Function for assigning clusters based on sequences similarity
Source:R/v0_seqCluster.R
seqCluster.RdArguments
- .data
The data which was used to caluculate .dist object. Can be data.frame, data.table::data.table, or a list of these objects.
Every object must have columns in the immunarch compatible format immunarch_data_format
- .dist
List of distance objects produced with seqDist function.
- .perc_similarity
Numeric value between 0 and 1 specifying the maximum acceptable weight of an edge in a graph. This threshold depends on the length of sequences.
- .nt_similarity
Numeric between 0-sequence length specifying the threshold of allowing a 1 in n nucleotides mismatch in sequencies.
- .fixed_threshold
Numeric specifying the threshold on the maximum weight of an edge in a graph.
Value
Immdata data format object. Same as .data, but with extra 'Cluster' column with clusters assigned.
Examples
# \dontrun{
data(immdata)
# In this example, we will use only 2 samples with 500 clonotypes in each for time saving
input_data <- lapply(immdata$data[1:2], head, 500)
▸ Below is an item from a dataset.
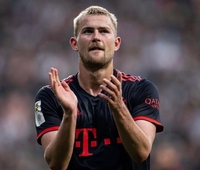 챔스 없어도 괜찮아요…‘김민재 동료’ 더 리흐트, 맨유 ‘합류’ 의향 있다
dist_result <- seqDist(input_data)
cluster_result <- seqCluster(input_data, dist_result, .fixed_threshold = 1)
#> Error in mutate(.data, ..., .by = { { .by }}, .keep = .keep, .before = { { .before }}, .after = { { .after }}): ℹ In argument: `length_value = map_chr(.y, ~ifelse(all(.x == .x[1]), yes
#> = .x[1], no = glue("range_{min(.x)}:{max(.x)}")))`.
#> Caused by error in `vapply()`:
#> ! values must be type 'character',
#> but FUN(X[[1]]) result is type 'integer'
# }